(Task instructions)
Copy all entries without alteration and skip the pictures they hold.

= Beginning of Section =

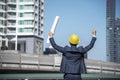 Construction engineer in Safety Suit Trust Team Holding White Yellow Safety hard hat Security Equipment on Construction Site. Royalty Free Stock Photo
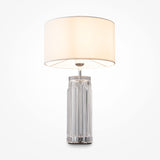 The Muse Table Lamp - Chrome With White Shade features a cylindrical, transparent glass base with vertical ridges, ideal for modern interiors. A wide, cream-colored fabric shade emits a warm glow and is elegantly set against a plain white background.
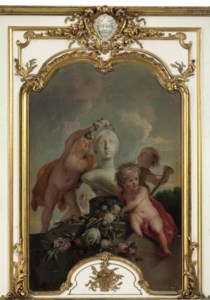 Putti decorating a sculpture with flower garlands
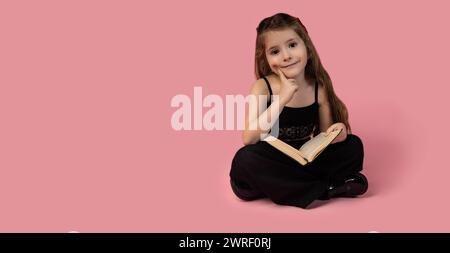 Un'adorabile e premurosa figlia sorridente che sogna seduto a gambe incrociate con un libro nelle sue mani in uno studio rosa moderno. Foto di alta qualità Foto Stock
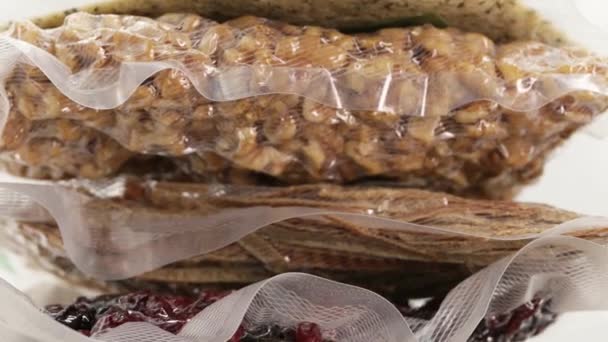 Food supply.Storage in vacuum bags. Vacuuming products for long term storage. — Stock video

= End of Section =

(Response to the exercise)
 Construction engineer in Safety Suit Trust Team Holding White Yellow Safety hard hat Security Equipment on Construction Site. Royalty Free Stock Photo
 The Muse Table Lamp - Chrome With White Shade features a cylindrical, transparent glass base with vertical ridges, ideal for modern interiors. A wide, cream-colored fabric shade emits a warm glow and is elegantly set against a plain white background.
 Putti decorating a sculpture with flower garlands
 Un'adorabile e premurosa figlia sorridente che sogna seduto a gambe incrociate con un libro nelle sue mani in uno studio rosa moderno. Foto di alta qualità Foto Stock
 Food supply.Storage in vacuum bags. Vacuuming products for long term storage. — Stock video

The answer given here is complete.